Methods HUVECs in the logarithmic growth phase were divided into the normoxia control group and hypoxia groups treated for 6, 12, 24 and 48 hours, respectively. The expression of miR-655-3p, FOXC1 and CXCR4 mRNA was detected by real-time quantitative polymerase chain reaction (RT-qPCR), and the expression of FOXC1 and CXCR4 proteins was determined by Western blot. In addition, HUVECs in logarithmic phase were assigned into five groups: 24-hour hypoxia control group, miR-655-3p mimics control group, miR-655-3p mimics group, miR-655-3p inhibitor control group, and miR-655-3p inhibitor group. Among them, the 24-hour hypoxia control group was only treated with hypoxia, and the other groups were transfected with corresponding lentiviruses on the basis of hypoxia treatment. The expression of miR-655-3p was detected by RT-qPCR. The expression of FOXC1 and CXCR4 proteins was measured by Western blot. Cell apoptosis, proliferation, migration and tube formation ability were evaluated by flow cytometry, EdU cell proliferation assay, Transwell assay and Matrigel tube formation assay, respectively. A dual-luciferase reporter assay was adopted to verify the targeting relationship between miR-655-3p and FOXC1/CXCR4.
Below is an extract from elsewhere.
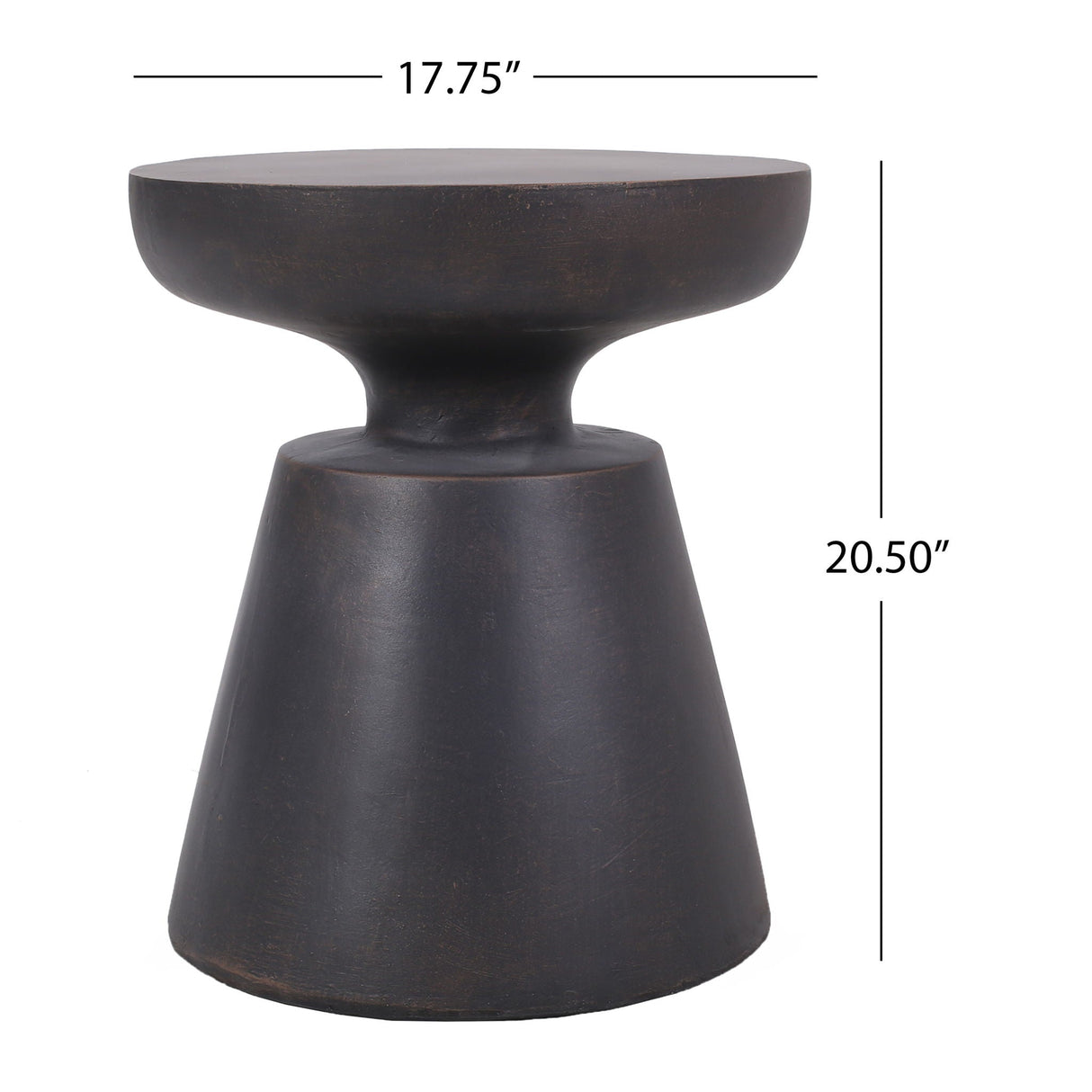 Outdoor Lightweight Concrete End Table With Half Sphere Top - Copper - Best Buy Furniture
Results The expression of miR-655-3p was the lowest and the relative expression of CXCR4 mRNA was the highest in the 24-hour hypoxia group. The relative expression of FOXC1 mRNA was the highest in the 12-hour hypoxia group. The relative expression of FOXC1 protein was the highest in the 24-hour hypoxia group, and the relative expression of CXCR4 protein was the highest in the 48-hour hypoxia group. The relative expression of miR-655-3p in the miR-655-3p mimics group was significantly higher than that in the 24-hour hypoxia control group, miR-655-3p mimics control group, miR-655-3p inhibitor control group and miR-655-3p inhibitor group, showing statistically significant differences (all P<0.001). The relative expression of FOXC1 and CXCR4 proteins, cell proliferation rate, the number of migrating cells, and the number of tubes formed in the miR-655-3p mimics group were significantly lower than those in the 24-hour hypoxia control group, miR-655-3p mimics control group, and miR-655-3p inhibitor control group, and were significantly lower than those in the miR-655-3p inhibitor group (all P<0.05). The cell apoptosis rates in the 24-hour hypoxia control group, miR-655-3p mimics control group, miR-655-3p mimics group, miR-655-3p inhibitor control group, and miR-655-3p inhibitor group were (20.44±1.07)%, (23.54±1.98)%, (32.91±1.33)%, (19.86±0.51)% and (11.25±0.46)%, respectively, with a significant overall difference ( F=124.80, P<0.001). The cell apoptosis rate in the miR-655-3p mimics group was higher than that in the miR-655-3p mimics control group, and the apoptosis rate in the miR-655-3p inhibitor group was lower than that in the miR-655-3p inhibitor control group, showing statistically significant differences (both P<0.05). Bioinformatics software predicted that the miR-655-3p continuous binding site targeting sequence 5′-UGUAUUA-3′ in the 3′untranslated region of FOXC1 and CXCR4. The luciferase activities of wild-type FOXC1 and wild-type CXCR4 in the miR-655-3p mimics group were significantly lower than those in the miR-655-3p mimics control group ( t=5.37, 4.05; both P<0.05).
Conclusions Overexpression of miR-655-3p may enhance cell apoptosis and inhibit cell proliferation, migration and tube formation by negatively regulating FOXC1/CXCR4.